La prima volta che vidi Glen or Glenda? suscitò in me una noia mortale. Alla seconda visione invece mi divertì. Credo che sia veramente un brutto film, ma andrebbe comunque apprezzato da quanto è veramente brutto.
Ed Wood amava travestirsi da donna, ed aveva una passione smodata per i maglioncini d'angora di sua moglie.
Il film è stato girato da Ed Wood con pochissimi soldi, soldi che il  produttore George Wiss (ignaro) gli ha dato, convinto dai modi di fare insistenti di Wood, assicurando un successo per merito della partecipazione di Bela Lugosi, attore ormai vecchio e tossicodipendente.
Si nota benissimo che Bela Lugosi c'è solo per quello, un misero tentativo di attirare spettatori, cosa che ha abbastanza funzionato comunque. Non si capisce bene quale sia il vero ruolo di Lugosi, lo vediamo recitare deliranti monologhi, circondato da alambicchi, teschi e provette fumanti, sembra che sia una specie di stramba divinità che "muove i fili" dell'umanità. Mah.
 C'è la scena di Bela che recita battute troppo improbabili con sovrapposta una mandria di bufali, video che Ed Wood ha preso da un'altra pellicola che ha trovato chissà dove, riciclando quella scena, ma anche altre scene, e si vede.

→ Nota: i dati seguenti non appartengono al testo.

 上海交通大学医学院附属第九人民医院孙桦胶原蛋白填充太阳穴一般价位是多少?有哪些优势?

Ed esorta gli spettatori a "stare attenti al grande drago verde che siede di fronte alla loro porta di casa".
Comunque la storia è basata sulla reale mania di Ed Wood, quella di indossare vestiti da donna, in particolare maglioncini e strette gonne. Nel film lo vediamo così conciato, e in alcune scene appare anche la moglie, ignata della passione di suo marito, difatti compare solamente nelle scene in cui Wood è vestito da uomo, e soltanto alla proiezione del film finito saprà la verità, cioè che suo marito ama travestirsi.
E' fatto male, tanto male, e se non fosse per questo probabilmente non sarebbe rimasto nella storia come cult. C'è anche una scena in cui Ed vestito da donna pronuncia la parola "cut!".
 Ci sono lunghe sequenze in cui Ed Wood versione uomo è tormentato in sogno da una specie di diavolo...che appare e scompare in una dimensione surreale.
Potete immaginare da voi che faccia avrà fatto il produttore Wiss quando ha visto il film.
Ed Wood è comunque morto giovane verso i 54 anni se non mi sbaglio, alcolizzato, e ridotto a fare il regista di film porno, dopo un misero tentativo di girare sci-fi.

Cose che ho imparato grazie a questo film:
  • il travestitismo provoca disturbi mentali
  • Dio abita in una stanza piena di teschi e scheletri. Nel tempo libero ama praticare l'hobby della chimica.